▶ **Your goal**
Only one span of the listing below should come back. It runs from the line with "Photo 9 from" through the line with "Trọn bộ Thái", and each of its lines must be reproduced exactly.

···

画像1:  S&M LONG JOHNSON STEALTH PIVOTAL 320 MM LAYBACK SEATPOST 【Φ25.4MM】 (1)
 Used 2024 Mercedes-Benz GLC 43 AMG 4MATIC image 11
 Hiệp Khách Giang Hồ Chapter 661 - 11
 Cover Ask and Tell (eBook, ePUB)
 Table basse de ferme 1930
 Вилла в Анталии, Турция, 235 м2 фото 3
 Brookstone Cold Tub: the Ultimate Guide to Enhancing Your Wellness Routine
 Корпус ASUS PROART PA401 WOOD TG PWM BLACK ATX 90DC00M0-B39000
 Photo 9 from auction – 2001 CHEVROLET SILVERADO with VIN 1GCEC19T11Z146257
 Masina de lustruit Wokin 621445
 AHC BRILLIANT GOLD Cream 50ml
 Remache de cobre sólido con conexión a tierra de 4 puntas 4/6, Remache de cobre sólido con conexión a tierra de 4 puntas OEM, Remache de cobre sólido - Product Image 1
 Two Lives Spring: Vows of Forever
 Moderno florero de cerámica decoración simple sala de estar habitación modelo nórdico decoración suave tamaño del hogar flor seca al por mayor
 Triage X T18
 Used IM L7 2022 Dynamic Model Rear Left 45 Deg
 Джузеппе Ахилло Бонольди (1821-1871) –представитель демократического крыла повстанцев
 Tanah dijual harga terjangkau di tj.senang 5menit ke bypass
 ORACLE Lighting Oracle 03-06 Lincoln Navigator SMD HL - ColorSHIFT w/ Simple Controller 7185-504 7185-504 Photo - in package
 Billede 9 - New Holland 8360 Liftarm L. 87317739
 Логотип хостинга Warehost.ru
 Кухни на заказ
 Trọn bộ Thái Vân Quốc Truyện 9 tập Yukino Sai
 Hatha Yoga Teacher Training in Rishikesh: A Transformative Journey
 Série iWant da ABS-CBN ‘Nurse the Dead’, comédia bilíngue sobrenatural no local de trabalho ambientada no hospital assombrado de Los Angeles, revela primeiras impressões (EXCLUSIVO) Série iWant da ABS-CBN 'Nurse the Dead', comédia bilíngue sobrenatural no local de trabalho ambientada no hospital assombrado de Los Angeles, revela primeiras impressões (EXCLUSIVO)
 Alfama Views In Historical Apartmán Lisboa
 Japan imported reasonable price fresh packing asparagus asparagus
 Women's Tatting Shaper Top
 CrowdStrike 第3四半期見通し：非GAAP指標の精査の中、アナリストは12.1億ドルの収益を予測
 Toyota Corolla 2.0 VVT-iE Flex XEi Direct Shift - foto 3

···

▶ **Task answer**
 Photo 9 from auction – 2001 CHEVROLET SILVERADO with VIN 1GCEC19T11Z146257
 Masina de lustruit Wokin 621445
 AHC BRILLIANT GOLD Cream 50ml
 Remache de cobre sólido con conexión a tierra de 4 puntas 4/6, Remache de cobre sólido con conexión a tierra de 4 puntas OEM, Remache de cobre sólido - Product Image 1
 Two Lives Spring: Vows of Forever
 Moderno florero de cerámica decoración simple sala de estar habitación modelo nórdico decoración suave tamaño del hogar flor seca al por mayor
 Triage X T18
 Used IM L7 2022 Dynamic Model Rear Left 45 Deg
 Джузеппе Ахилло Бонольди (1821-1871) –представитель демократического крыла повстанцев
 Tanah dijual harga terjangkau di tj.senang 5menit ke bypass
 ORACLE Lighting Oracle 03-06 Lincoln Navigator SMD HL - ColorSHIFT w/ Simple Controller 7185-504 7185-504 Photo - in package
 Billede 9 - New Holland 8360 Liftarm L. 87317739
 Логотип хостинга Warehost.ru
 Кухни на заказ
 Trọn bộ Thái Vân Quốc Truyện 9 tập Yukino Sai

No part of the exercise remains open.